Using rules to drop and retain data
Data retention rules allow you to configure Apache Druid to conform to your data retention policies. Your data retention policies specify which data to retain and which data to drop from the cluster.
Druid supports load, drop, and broadcast rules. Each rule is a JSON object. See the rule definitions below for details.
You can configure a default set of rules to apply to all datasources, and/or you can set specific rules for specific datasources. See rule structure to see how rule order impacts the way the Coordinator applies retention rules.
You can specify the data to retain or drop in the following ways:
- Forever: all data in the segment.
- Period: segment data specified as an offset from the present time.
- Interval: a fixed time range.
Retention rules are persistent: they remain in effect until you change them. Druid stores retention rules in its metadata store.
Set retention rules
You can use the Druid web console or the Service status API reference to create and manage retention rules.
Use the web console
To set retention rules in the Druid web console:
- On the console home page, click Datasources.
- Click the name of your datasource to open the data window.
- Select Actions > Edit retention rules.
- Click +New rule.
- Select a rule type and set properties for the rule.
- Click Next and enter a description for the rule.
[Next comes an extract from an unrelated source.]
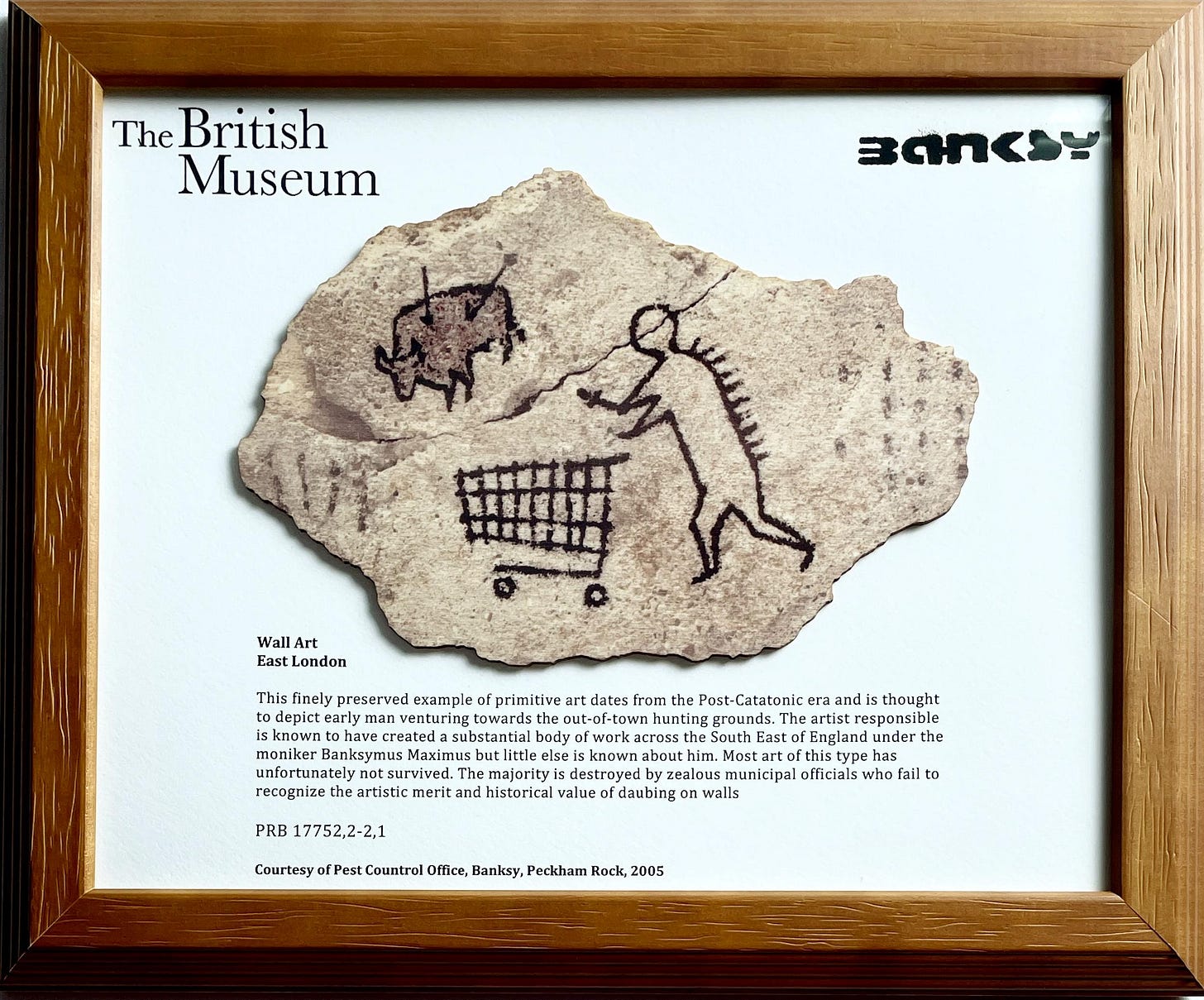Peckham Rock (Framed) – Post Modern Vandal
- Click Save to save and apply the rule to the datasource.
Use the Coordinator API
To set one or more default retention rules for all datasources, send a POST request containing a JSON object for each rule to /druid/coordinator/v1/rules/_default
.
The following example request sets a default forever broadcast rule for all datasources:
curl --location --request POST 'http://localhost:8888/druid/coordinator/v1/rules/_default' \
--header 'Content-Type: application/json' \
--data-raw '[{
"type": "broadcastForever"
}]'
To set one or more retention rules for a specific datasource, send a POST request containing a JSON object for each rule to /druid/coordinator/v1/rules/{datasourceName}
.
The following example request sets a period drop rule and a period broadcast rule for the wikipedia
datasource:
curl --location --request POST 'http://localhost:8888/druid/coordinator/v1/rules/wikipedia' \
--header 'Content-Type: application/json' \
--data-raw '[{
"type": "dropByPeriod",
"period": "P1M",
"includeFuture": true
},
{
"type": "broadcastByPeriod",
"period": "P1M",
"includeFuture": true
}]'
To retrieve all rules for all datasources, send a GET request to /druid/coordinator/v1/rules
—for example:
curl --location --request GET 'http://localhost:8888/druid/coordinator/v1/rules'
Rule structure
The rules API accepts an array of rules as JSON objects. The JSON object you send in the API request for each rule is specific to the rules types outlined below.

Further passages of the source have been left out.